Since the node counters tracks allocated slab pages and the memcg
counter tracks allocated objects, arguably they shouldn't use the same
name anyway.

> Alternatively I can fork them, e.g. introduce per-memcg or per-lruvec
> NR_SLAB_RECLAIMABLE_OBJ
> NR_SLAB_UNRECLAIMABLE_OBJ

Can we alias them and reuse their slots?

/* Reuse the node slab page counters item for charged objects */
MEMCG_SLAB_RECLAIMABLE = NR_SLAB_RECLAIMABLE,
MEMCG_SLAB_UNRECLAIMABLE = NR_SLAB_UNRECLAIMABLE,

> and keep global counters untouched.
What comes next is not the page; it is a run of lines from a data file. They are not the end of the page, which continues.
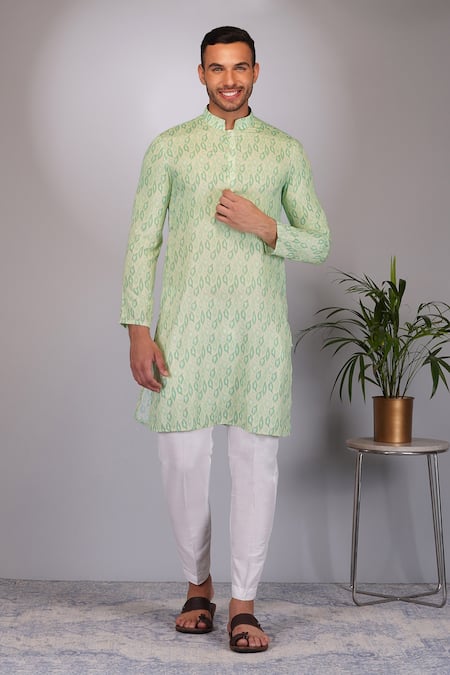 Buy_Eleven Brothers_Green Silk, Cotton Spectrum Print Kurta And Pant Set _Online_at_Aza_Fashions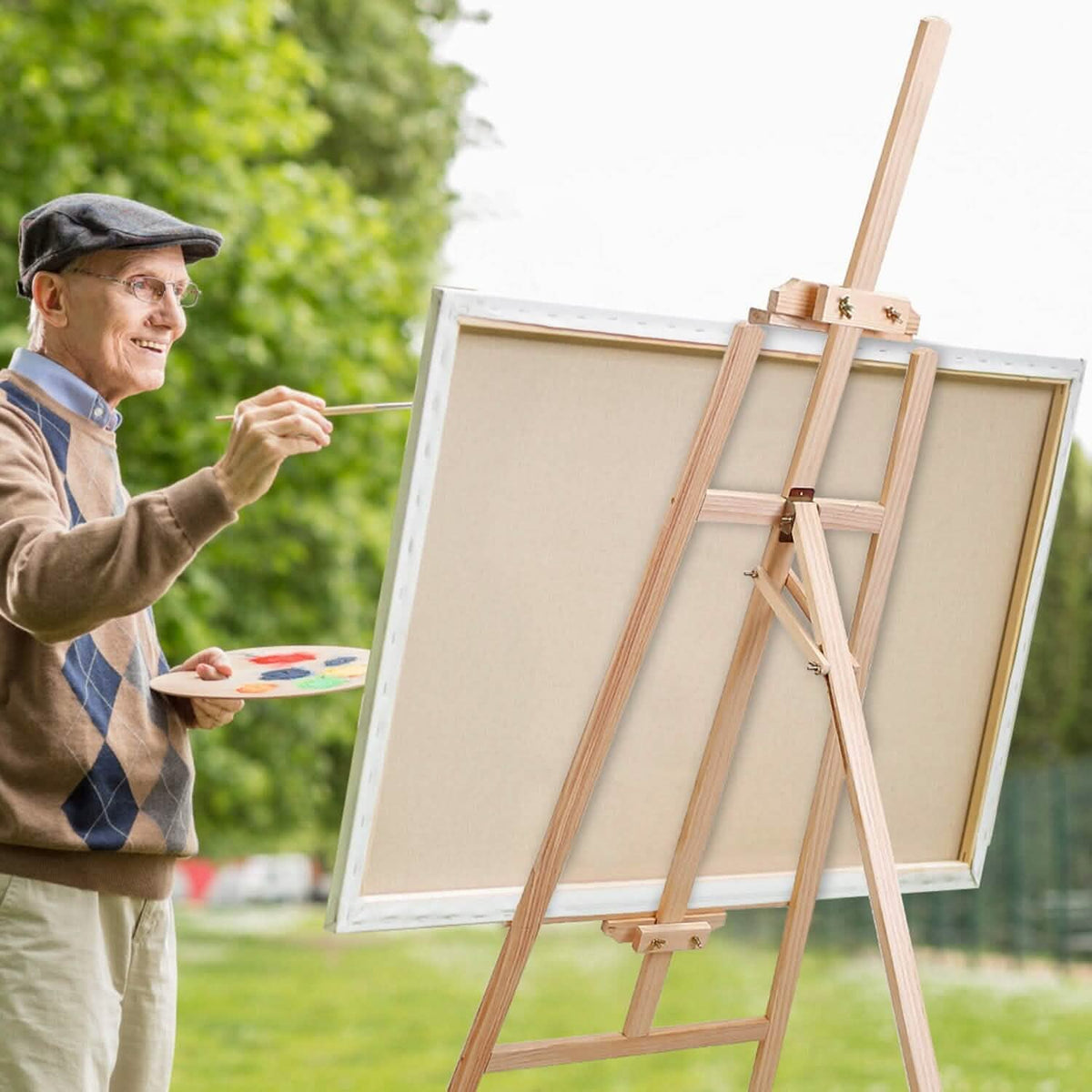 Painting Easel Stand Wooden Inclinable A Frame Tripod - A-1 Thread Vault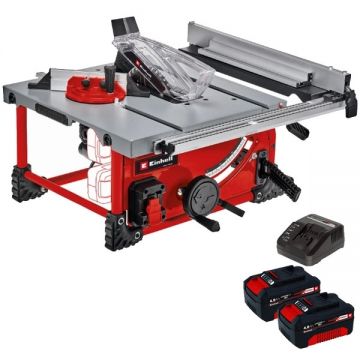 Einhell  TE-TS 36/210 Li PXC + Twinpack + 4514095 - Fierastrau circular de masa 210x30 mm + Set 2 acumulatori si incarcator Li-Ion 18 V 4 Ah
If going this way, I'd prefer to make
> them per-memcg, because it will simplify things on charging paths:
> now we do get task->mem_cgroup->obj_cgroup in the pre_alloc_hook(),
> and then obj_cgroup->mem_cgroup in the post_alloc_hook() just to
> bump per-lruvec counters.

I don't quite follow. Don't you still have to update the global
counters?

> Btw, I wonder if we really need per-lruvec counters at all (at least
> being enabled by default). For the significant amount of users who
> have a single-node machine it doesn't bring anything except performance
> overhead.

Yeah, for single-node systems we should be able to redirect everything
to the memcg counters, without allocating and tracking lruvec copies.

> For those who have multiple nodes (and most likely many many
> memory cgroups) it provides way too many data except for debugging
> some weird mm issues.
> I guess in the absolute majority of cases having global per-node + per-memcg
> counters will be enough.

Hm? Reclaim uses the lruvec counters.